Rohin Shah comments on Understanding “Deep Double Descent”

Rohin Shah 18 Dec 2019 6:57 UTC
LW: 4 AF: 3
AF
I ended up reading another paper on double descent:
More Data Can Hurt for Linear Regression: Sample-wise Double Descent (Preetum Nakkiran) (summarized by Rohin): This paper demonstrates the presence of double descent (in the size of the dataset) for unregularized linear regression. In particular, we assume that each data point x is a vector in independent samples from N(0, σ^2), and the output is y = βx + ε. Given a dataset of (x, y) pairs, we would like to estimate the unknown β, under the mean squared error loss, with no regularization.
In this setting, when the dimensionality d of the space (and thus number of parameters in β) is equal to the number of training points n, the training data points are linearly independent almost always / with probability 1, and so there will be exactly one β that solves the n linearly independent equalities of the form βx = y. However, such a β must also be fitting the noise variables ε, which means that it could be drastically overfitted, with very high norm. For example, imagine β = [1, 1], and the data points are (-1, 3): 3 and (0, 1): 0 (the data points had errors of +1 and −1 respectively). The estimate will be β = [-3, 0], which is going to generalize very poorly.
As we decrease the number of training points n, so that d > n, there are infinitely many settings of the d parameters of β that satisfy the n linearly independent equalities, and gradient descent naturally chooses the one with minimum norm (even without regularization). This limits how bad the test error can be. Similarly, as we increase the number of training points, so that d < n, there are too many constraints for β to satisfy, and so it ends up primarily modeling the signal rather than the noise, and so generalizing well.
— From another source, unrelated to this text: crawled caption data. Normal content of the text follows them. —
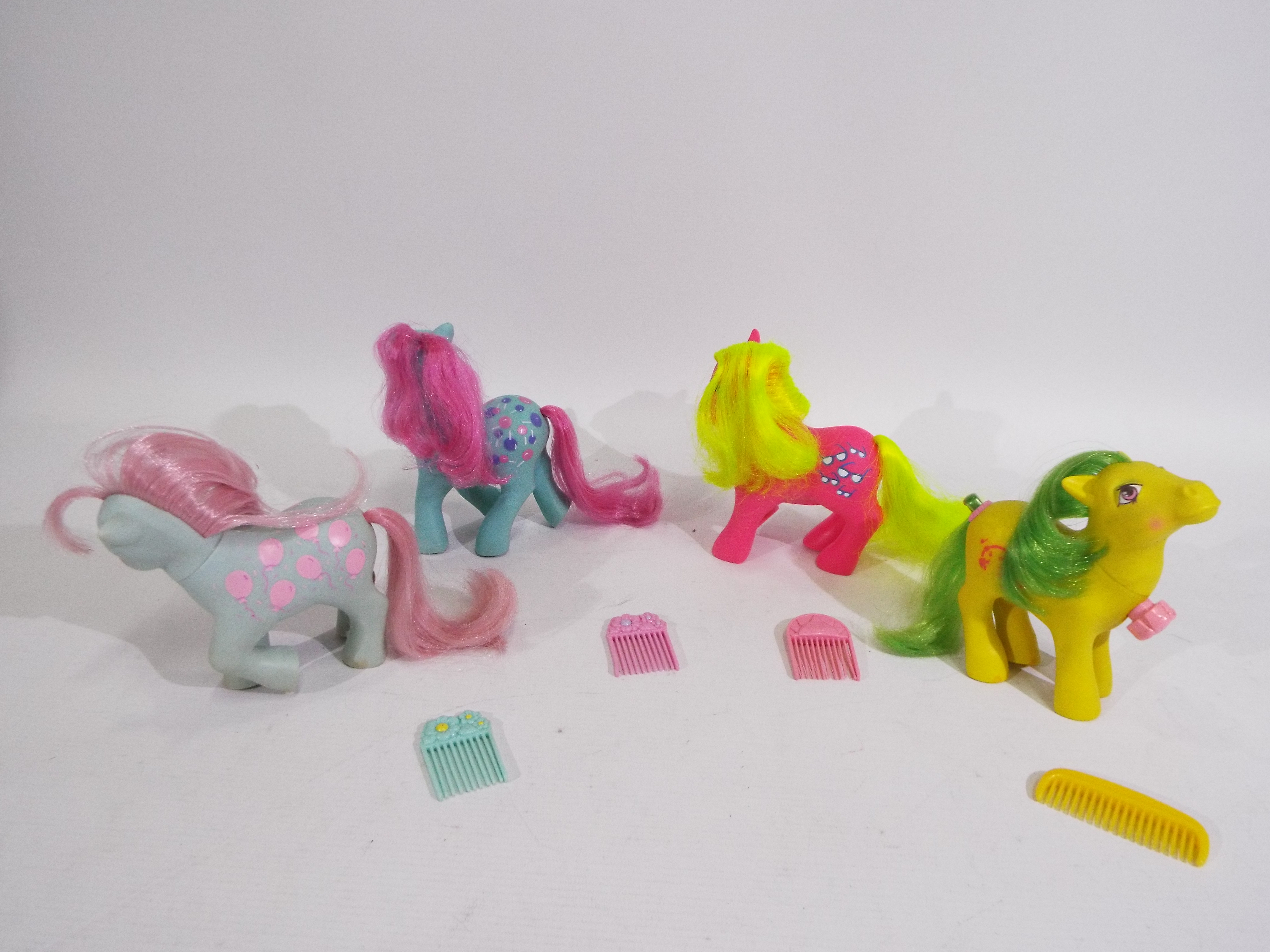 My Little Pony, Hasbro - A collection of four loose My Little Pony G1 Ponies. - Image 4 of 4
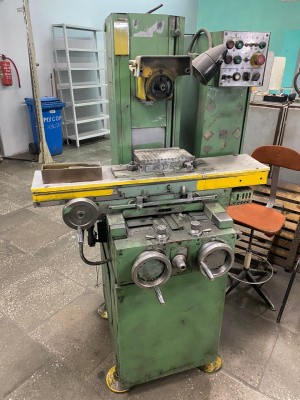 Плоскошлифовальный станок 3Д710В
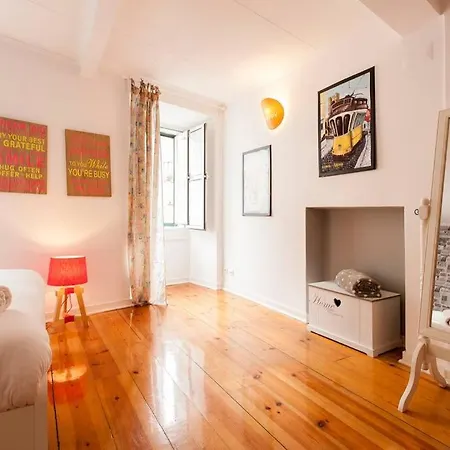 Apartment Inloveapartments - Cool Loft At Alfama Lisbon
Rohin’s opinion: Basically what’s happening here is that at the interpolation threshold, the model is forced to memorize noise, and it has only one way of doing so, which need not generalize well. However, past the interpolation threshold, when the model is overparameterized, there are many models that successfully memorize noise, and gradient descent “correctly” chooses one with minimum norm. This fits into the broader story being told in other papers that what’s happening is that the data has noise and/or misspecification, and at the interpolation threshold it fits the noise in a way that doesn’t generalize, and after the interpolation threshold it fits the noise in a way that does generalize. Here that’s happening because gradient descent chooses the minimum norm estimator that fits the noise; perhaps something similar is happening with neural nets.
This explanation seems like it could explain double descent on model size and double descent on dataset size, but I don’t see how it would explain double descent on training time. This would imply that gradient descent on neural nets first has to memorize noise in one particular way, and then further training “fixes” the weights to memorize noise in a different way that generalizes better. While I can’t rule it out, this seems rather implausible to me. (Note that regularization is not such an explanation, because regularization applies throughout training, and doesn’t “come into effect” after the interpolation threshold.)